(03/02/05)

La philosophie pour le IIIème Millénaire :
Mon challenger, WittgEinstein

Un vrai philosophe est un défi pour les générations suivantes:
   Un fossé regrettable entre ceux qui étudient son œuvre sans s'intéresser à sa vie, et ceux qui trouvent sa vie fascinante mais son œuvre incompréhensible, (Monk, "Le devoir de génie", Odile Jacob, 1990). W.W. Bartley III parle des "années perdues"" entre 1919 et 1929, au cours desquelles il abandonna la philosophie et devint instituteur. Bartley montre l'utilité de cette "rupture" pour arriver à la grande philosophie... (Bachelard approuve!)
        Continuateur de la ligne Locke-Kant, Wittgentein présente un équilibre études-expérience peu commun. Certainement capable de construire, seul, une usine en Afrique centrale.  Il créa, avec un demi-siècle d'avance, le moteur à réaction et les "tables de décisions décidées", indispensables à l'ordinateur pour imiter la décision. Il a montré à tous les universitaires  le seul moyen pour cesser de tourner en rond: partir, changer, se faire moine, instit, construire... et, (avec Saussure),  le blocage mental dans lequel la civisation nous pousse, (ce qui le met au niveau de Schopenhauer pour signaler des problèmes à régler en priorité). Il mérite le titre de "philosophe du XXème Siècle", devant Popper.
        Ces deux penseurs, avec Einstein, Arendt,  font partie d'une extraordinaire émergence, montrant à quelles conditions, un cerveau peut sortir d'une ambiance "satammique".


Une minute de silence pour occase manquée.
        Pas un informicien sur mille sait que Ludwig inventa, avant la guerre 14-18, les fameuses "tables de décision pré-décidées", une hélice et entreprit de construire un moteur à réaction. Bel exemple d'inverse:
Beau n'avion, (les enfants chantèrent)
ne visse plus ton hélice dans l'air;
Fais-nous gros prout-prout derrière.
        "Propeller inside!" Wittgenstein précède "Intel inside" et "Program inside", (de von Neumann ou de Turing?). Excellent exemple, "après?" après l'hélice qui tire et se visse, la poussée qui pousse. Que n'a-t-il poussé de même son  lapin-canard !
        Il tenait le "*flip-flop". Minute de silence.
        Note sur les "deux philosophies" de Wittgenstein
        Tractatus II conservait la jonglerie verbale de Tractatus I, qui croit que l'algèbre peut prouver des "z'idées":
Une propriété est interne quand il est inconcevable que son objet ne la possède pas..."
        Le "private language argument", comme la curieuse "Transcendental Unity of Aperception", semble impossible puisque nous ne pensons que par le langage reçu.
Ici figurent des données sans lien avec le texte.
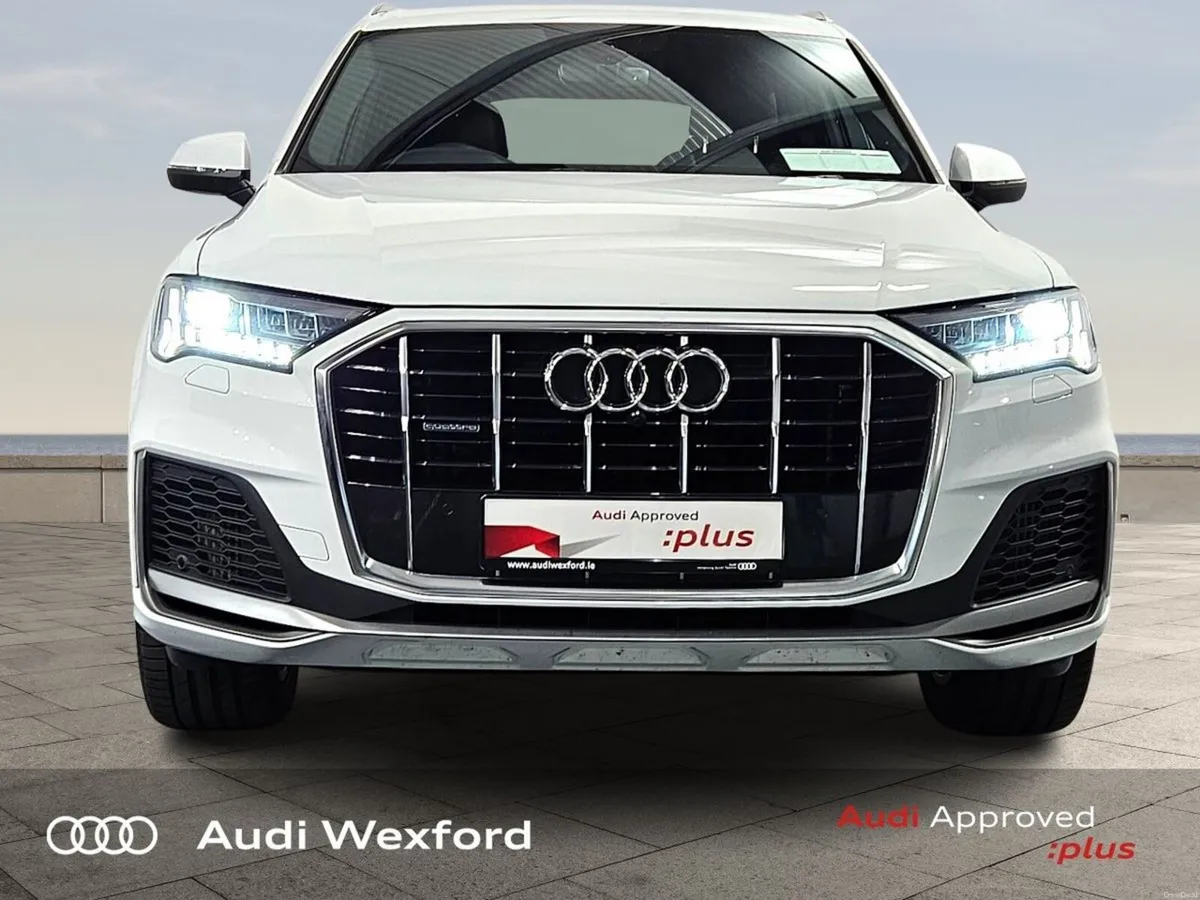 Audi Q7 55 TFSIe quattro Tiptronic S Line €156p/w - Image 3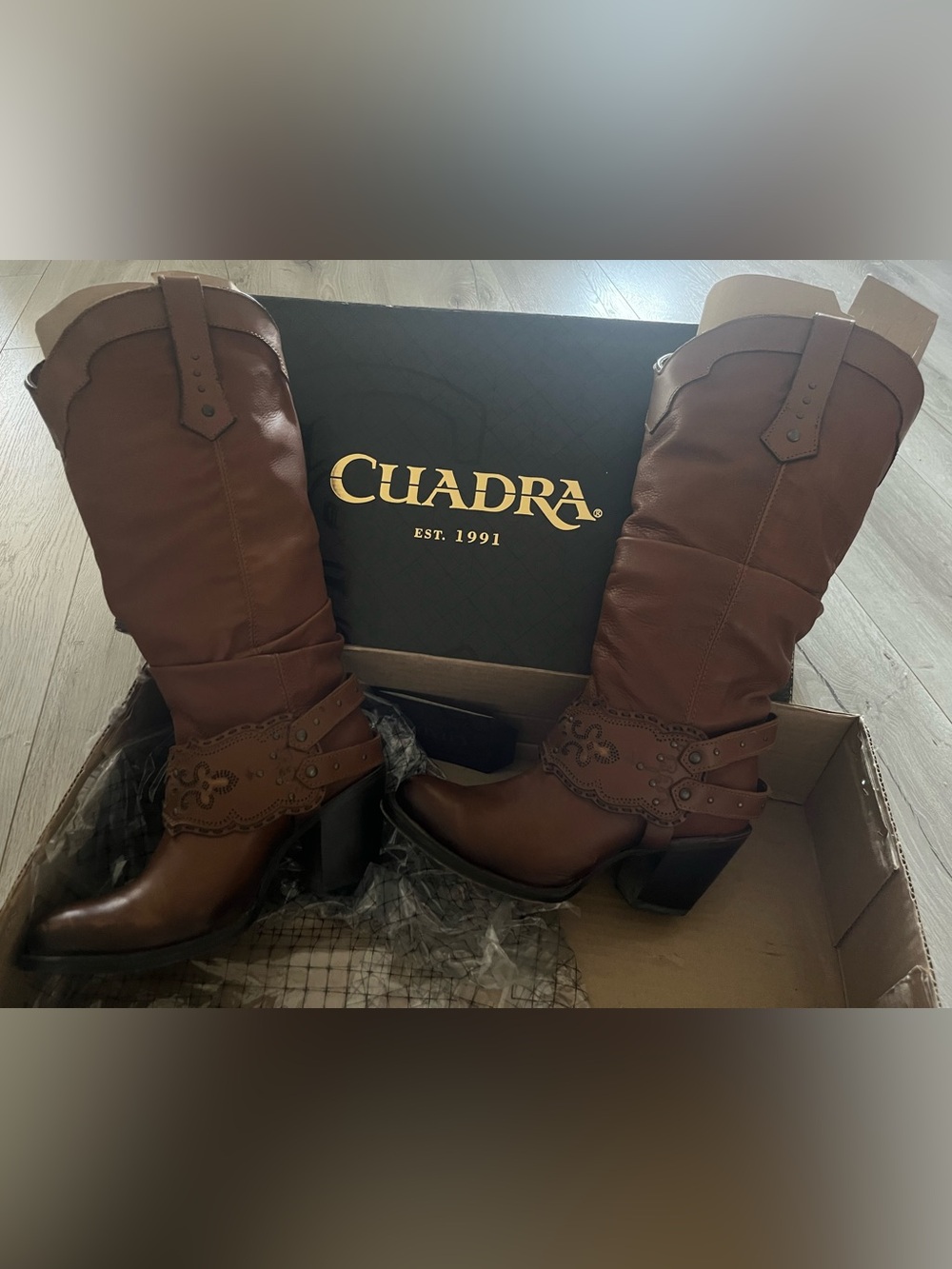 Cuadra women’s boots- Size 6.5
Rapprochons du "second monde" de Popper et d'Einstein avant de se faire piéger par les maths? L'erreur serait de limiter notre pensée à un seul mode alors que nous avons deux cerveaux. Idem pour l'imagination pascalienne considérée comme folle du logis. Nous y reviendrons mais je pense qu'avec un seul mode de pensée, nous ne penserions pas.
        Le "tolle" des premiers disciples contre tout changement est fréquent en "religion" et même Freud a butté sur ce phénomène. Les "fidèles" ont publié leurs élucubrations; comme les saltimbanques, ils ne veulent décevoir leur "public", admettre qu'ils n'ont pas fait ce que fait le vrai disciple, continuer le maître. Donc on proclame que ce dernier offre une "seconde" philosophie, et grâce à l'argument:  "toutes les philousophies se valent", chacun choisit et surtout continue de ronronner... Mention spéciale pour le frogysopher qui déclara: " Wittgenstein n'est qu'un essayiste, puisqu'il a proposé deux philosophies". Il me semble que la première fut rédigée sur un carnet de guerre, alors qu'il pensait être tué. Alors amener une seconde brique, plus tard, meilleure, à la construction de la Pensée, n'est pas une faute philosophique... Selon le principe qu'avant de continuer la philosophie, je dois me bâtir la meilleure synthèse possible, (comme Einstein ou Darwin sélectionnant les seules éléments utiles), je vais donc choisir la seconde qui représente la dernière avancée.  Moi, je résume:
.Mon premier: "un mot a un sens s'il correspond à quelque chose..."
Mon second: "un mot a un sens s'il sert à quelque chose... "
Mon tout: "un travail de vrai philosophe".
        C'est toute la différence entre statique et dynamique. Lorsque j'ai sorti ma "gestion intégrée" je n'ai pas pris le mot "objet", mais "contrat", beaucoup plus relationnel et surtout "event", plus dynamique, (je fus très enthousiaste à l'apparition du C++, car le dynamique continue son chemin alors que le statique bloque les neurones).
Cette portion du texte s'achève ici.